⟨

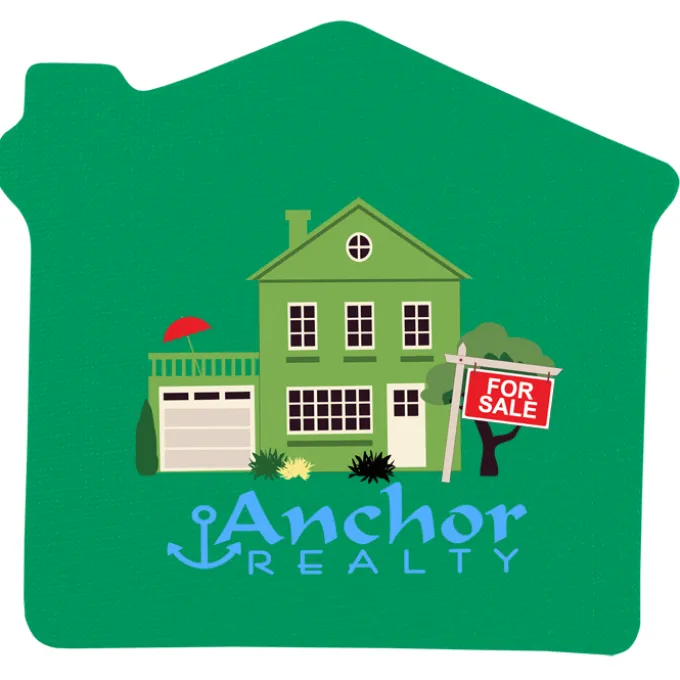 Jumbo Cushioned Jar Opener - House - Full Color
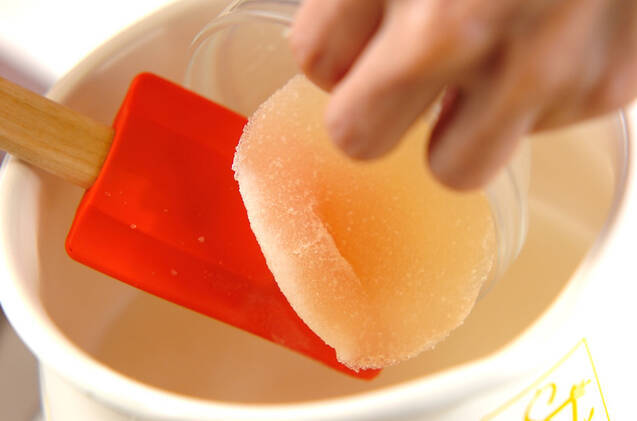 イチゴのババロアの作り方の手順3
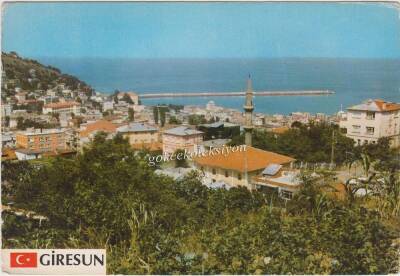 Giresun Kartpostal KRT4190 - 1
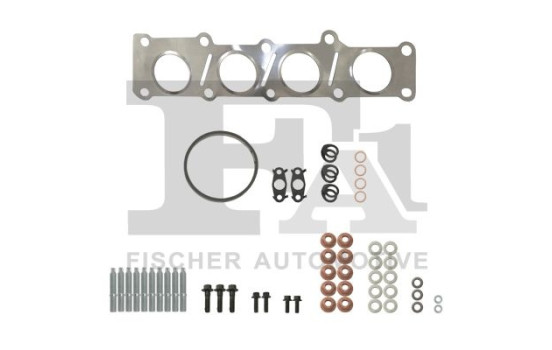 Turbocharger mounting kit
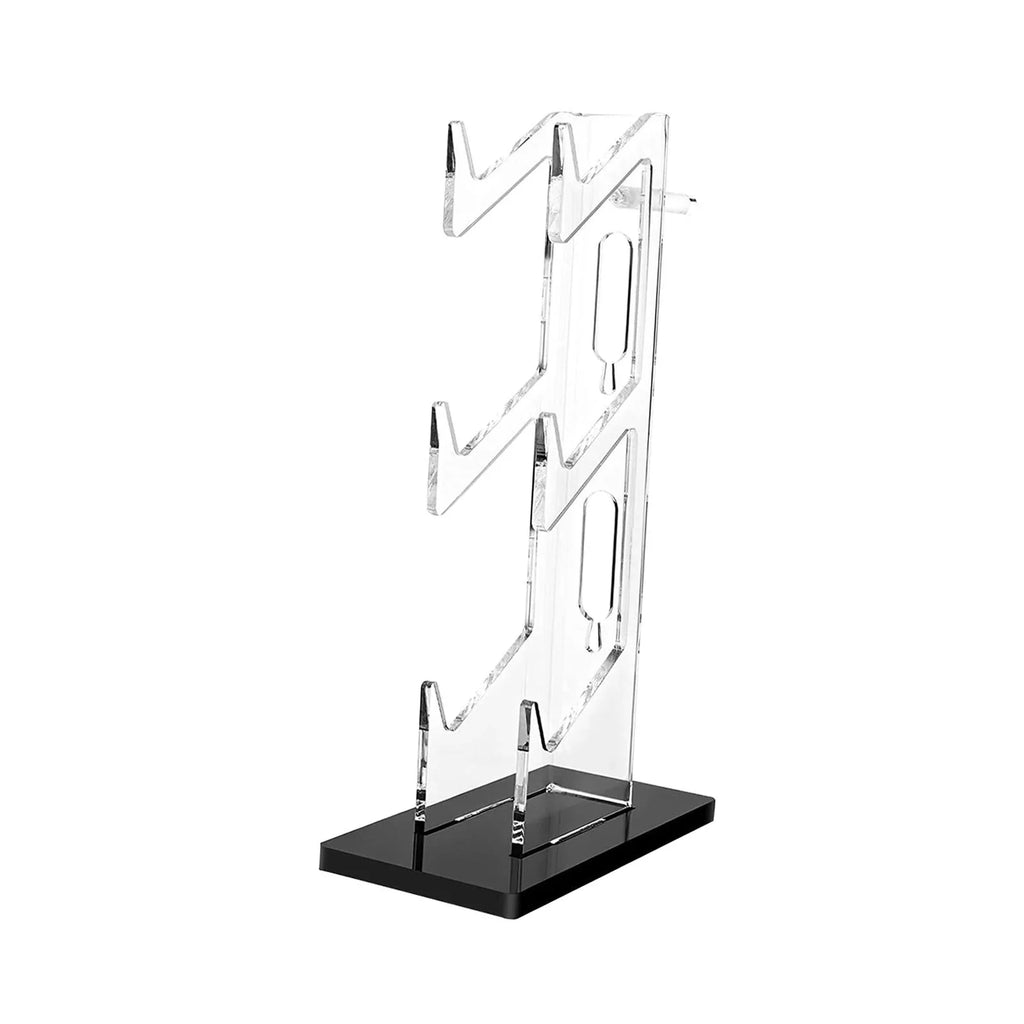 Desk 3 Black for Accessories Transparent Gadget Acrylic Hanger PS5 Decoration Slip Controller Headset Controller Mat Tier Game Non Durable Bracket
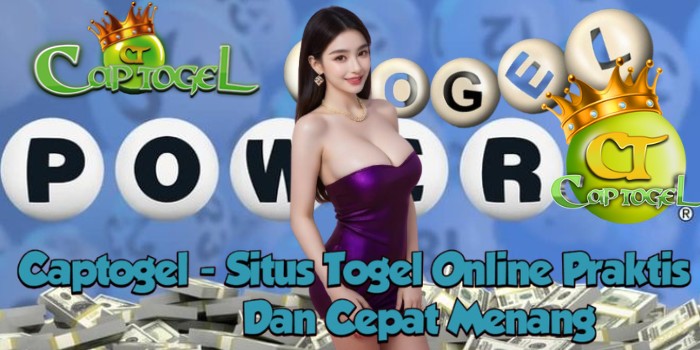 Captogel – Situs Togel Online Praktis Dan Cepat Menang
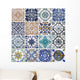 Lisbon Tiles Wall Mural
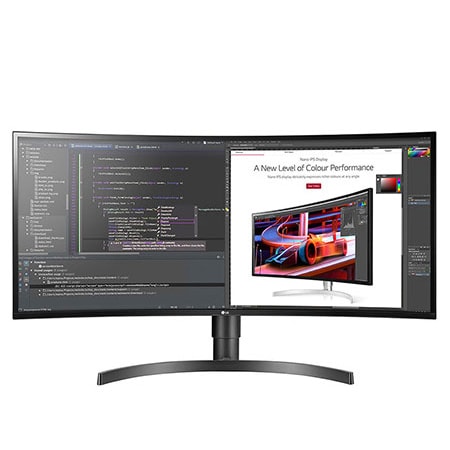 LG 34" (86 cm) Moniteur LED IPS 21/9ème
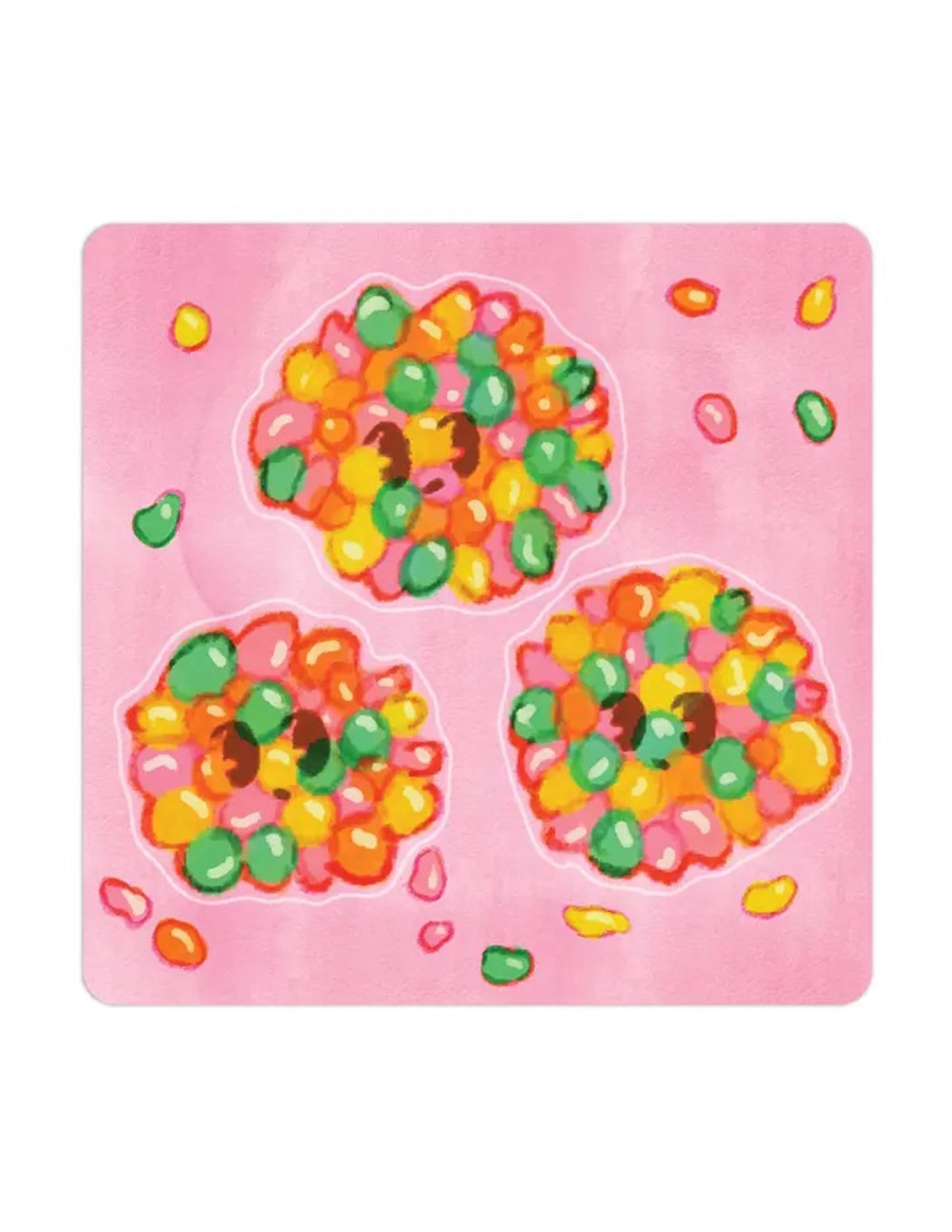 Gummy Cluster! Sticker Sheet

⟩

Try it> Above are the records. Copy word for word only their lines from the one holding "イチゴのババロアの作り方の手順3" through the one holding "Lisbon Tiles Wall Mural", both included, and skip the images.

Answer box>
 イチゴのババロアの作り方の手順3
 Giresun Kartpostal KRT4190 - 1
 Turbocharger mounting kit
 Desk 3 Black for Accessories Transparent Gadget Acrylic Hanger PS5 Decoration Slip Controller Headset Controller Mat Tier Game Non Durable Bracket
 Captogel – Situs Togel Online Praktis Dan Cepat Menang
 Lisbon Tiles Wall Mural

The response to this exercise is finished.